Transportation startups — many of which cross over into the energy sector — have also bagged $2.7bn this year, a figure that puts them on track for a record year. Healthtech, meanwhile, brought in $2.4bn.

As for fintech, the sector raised just $2.1bn in 2023, down from a high of $13.5bn in 2021. It is likely to end the year at its lowest level since 2018. 

Energy and transport funding charts for 2023

Funding crunch, what funding crunch?

The performance of startups in the energy and transport sectors defies the wider funding crunch in the UK tech ecosystem. In 2023 so far, VCs have ploughed $13.6bn into UK startups across all sectors, less than half of the $29.5bn they invested last year. 

But nine-figure raises have rolled in for energy startups this year, as investors take the opportunity to cash in on the wider global green transition.

In September, Zenobe Energy — which operates battery storage facilities and electric vehicle (EV) charging points — raised £870m, in what was the UK’s biggest funding round of the year. 

Another EV charging point company, EVC, raised £165m in February, EV rental company Octopus Electric Vehicles raised £150m in June and wind farm servicing company Venterra raised £150m in August. 

Unsurprisingly, EV companies bumped up the numbers on the transportation sector, too, which has also seen autonomous vehicle scaleups Conigital and Oxa raise £400m and $140m, respectively. 

Flailing fintech

Since 2014, fintechs have been leading the pack when it comes to UK funding — often by some distance. As recently as last year, fintech raised $11.4bn, more than three times as much as its closest rival, the energy sector.

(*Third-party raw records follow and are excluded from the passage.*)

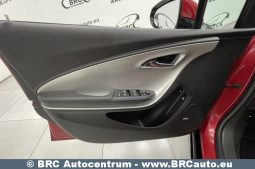 Chevrolet Volt 1.4 Plug-in Hybrid Automatas 2012 full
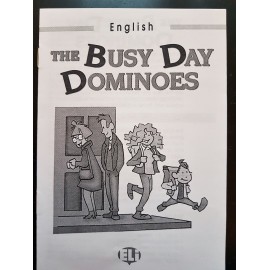 The Busy Day Dominoes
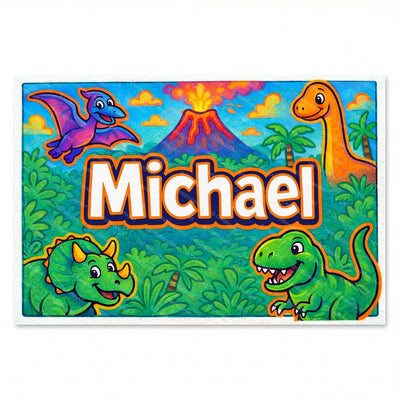 Michael name art
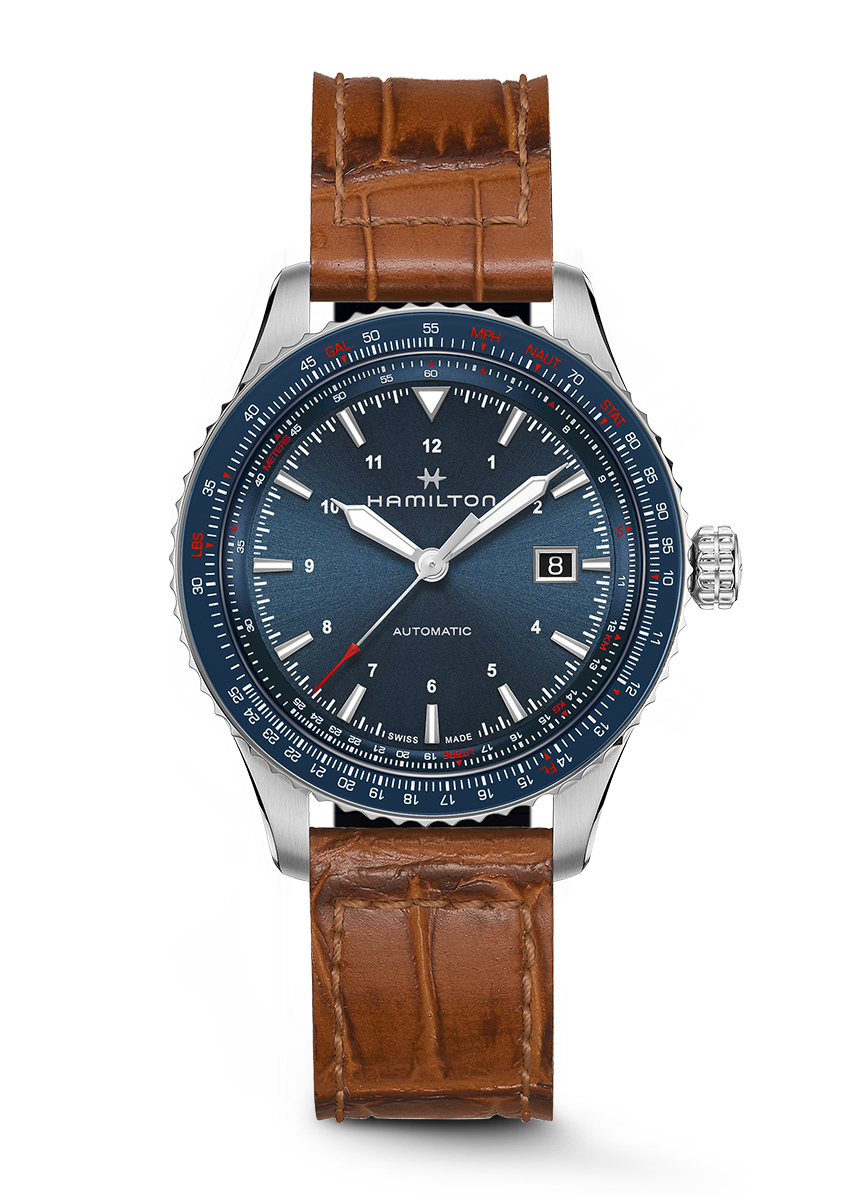 Đồng hồ Nam Hamilton H76645540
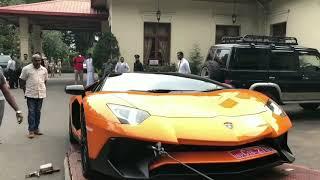  | Lamborghini Aventardor SV | First  SriLanka   Import By Rajakaruna Motor Traders Pvt Ltd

But rising interest rates and reduced consumer spending in the wake of the UK narrowly avoiding a recession in 2023 has seen VCs lose confidence in a sector that’s been the poster child of a rising UK tech scene over the past 10 years.

With the days of Checkout.com’s $1bn round in January 2022 long forgotten amid layoffs and valuations being slashed across the sector, loan provider Abound’s £250m and insurtech Accelerant’s $150m are fintech’s biggest raises of 2023.